DHOF invests in Australian and international hybrid securities and commits to hold at least 50% in the domestic market. International investments not domiciled in Australian dollars are hedged back into AUD.

As at end of September 2021, DHOF comprised 54% of Australian hybrids, followed by 19.4% from the US and 10.7% from Canada, showing reasonable global diversity.

hybrid funds

We don’t have an understanding of the structure of the securities and this can be quite diverse but we do know approximately 40% are sub investment grade, rated in the BB range or lower.

The fund doesn’t list individual securities in its portfolio, making it difficult to understand the types of international companies it invests in.

The fund targets a 3.5 to 4.5% return over cash, and states its objective is to provide a total return after fees that exceeds the RBA cash benchmark.

Also read: Capital Notes – What Are They and Should You Invest?

The inception date for DHOF was 1 March 2020, which was opportune as this was close to the low point in financial markets due to the COVID pandemic. So, the fund can show some very good early returns, see the monthly performance chart below.
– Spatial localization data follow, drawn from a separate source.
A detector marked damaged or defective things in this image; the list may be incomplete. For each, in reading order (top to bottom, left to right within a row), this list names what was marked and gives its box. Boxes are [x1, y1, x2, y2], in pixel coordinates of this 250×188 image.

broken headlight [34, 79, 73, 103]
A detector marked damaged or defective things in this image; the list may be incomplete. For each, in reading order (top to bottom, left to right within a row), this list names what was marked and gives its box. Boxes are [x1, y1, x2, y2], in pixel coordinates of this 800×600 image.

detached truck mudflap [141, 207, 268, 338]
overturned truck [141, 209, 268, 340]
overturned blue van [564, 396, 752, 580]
More recent returns have been lower with the one month November return -0.8%, which the fund manager attributes almost entirely to movements in the US.

Currently, DHOF invests in 110 securities with an average portfolio yield of 3.95% p.a. It also hedges currency and other risks to help smooth returns.
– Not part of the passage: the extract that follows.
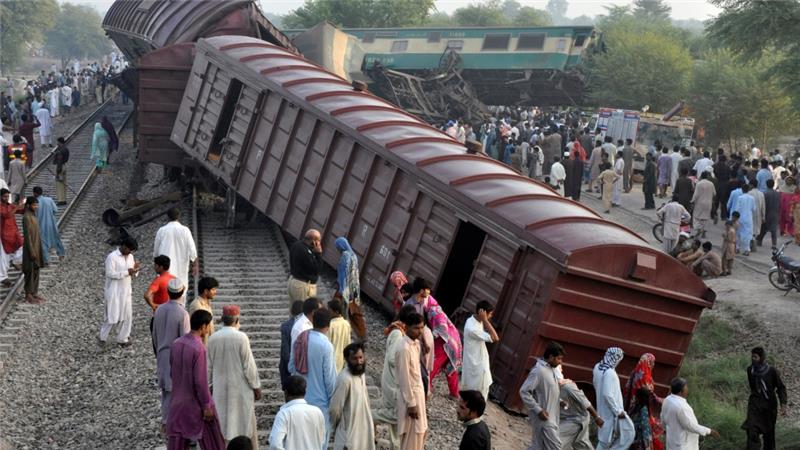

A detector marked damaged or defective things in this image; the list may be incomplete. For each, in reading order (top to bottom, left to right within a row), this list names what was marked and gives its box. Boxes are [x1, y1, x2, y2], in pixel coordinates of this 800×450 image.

rust stain on wagon [170, 37, 720, 414]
Fees include a management fee of 0.65% plus a 0.10% administration fee, which includes GST. There are no performance fees.
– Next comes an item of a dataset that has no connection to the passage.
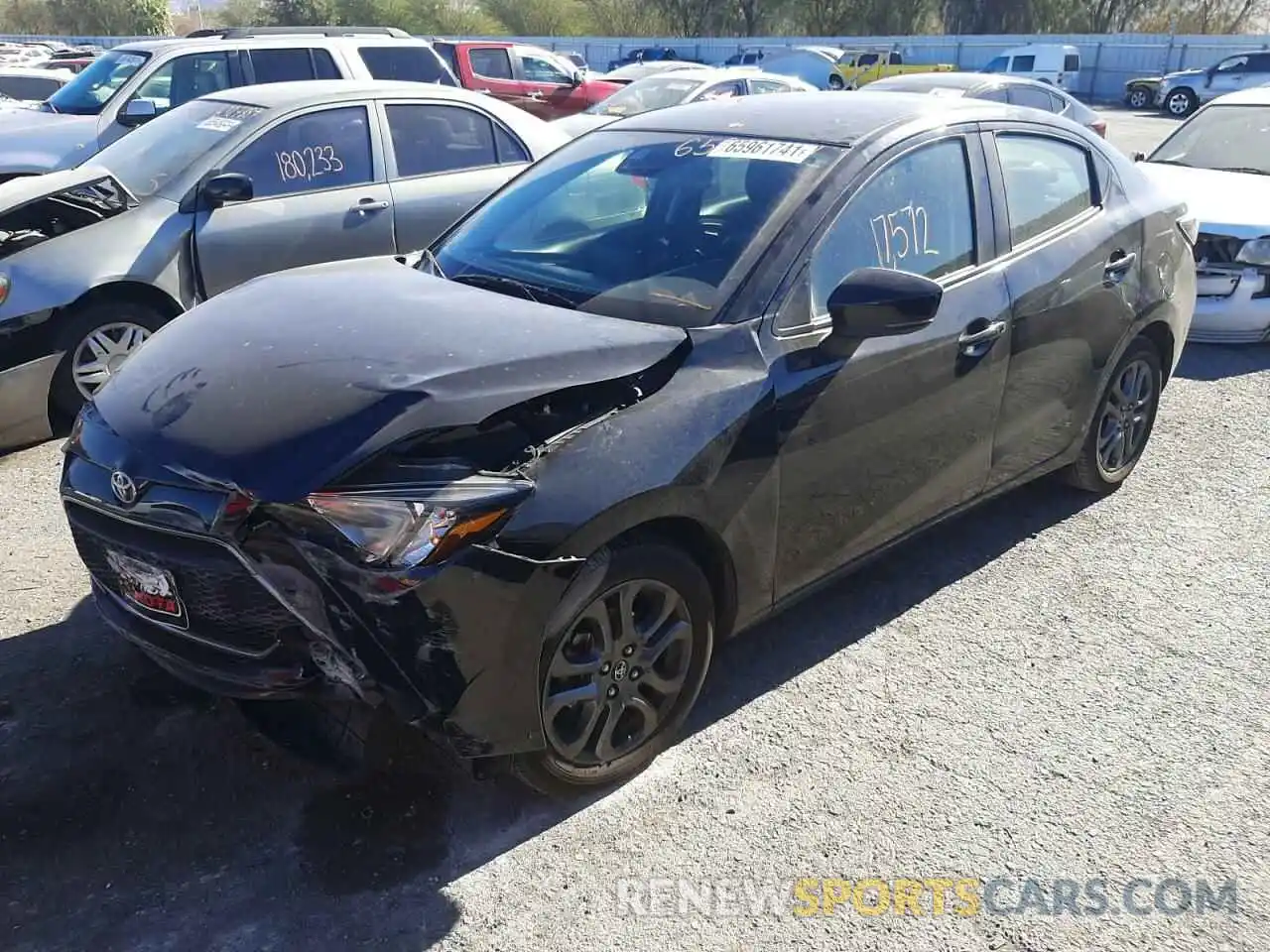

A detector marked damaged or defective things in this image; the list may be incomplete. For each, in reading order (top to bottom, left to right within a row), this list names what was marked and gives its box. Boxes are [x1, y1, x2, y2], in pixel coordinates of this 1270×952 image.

BetaShares Active Australian Hybrids Fund (ASX:HBRD)

HBRD has grown substantially since inception in November 2017 and now has an impressive $1.5 billion in funds under active management. Unlike DOHF, HBRD is much more concentrated and invests in 37 domestic hybrid market securities, as at 30 November 2021.

Circa 94% of the fund is invested in hybrids (preference shares).

At 30 September 2021, the fund’s top ten holdings included circa 15% to three CBA securities with the CBA PERLS VII the top holding with 7.25% of the portfolio.

On a gross basis, the fund has consistently outperformed its Solactive Australian Hybrid Securities Index, however after fees, returns are lower. Since inception, the fund’s gross return was 4.83%, net 3.89% (0.94% taken in fees) against the index at 4.06%.

While the fund doesn’t disclose the credit ratings of its portfolio, it would be substantially investment grade and would likely have lower credit risk when compared to DOHF.

Fees include a management fee of 0.55%, an administration fee of 0.10% and a performance fee of 15.5% of performance above the benchmark.

Summary of DHOF and HBRD side by side

Even though DHOF and HBRD are both active hybrid ETFs, they are quite different.

Domestic hybrid terms and conditions are quite similar, although some of the terms to maturity have been getting longer.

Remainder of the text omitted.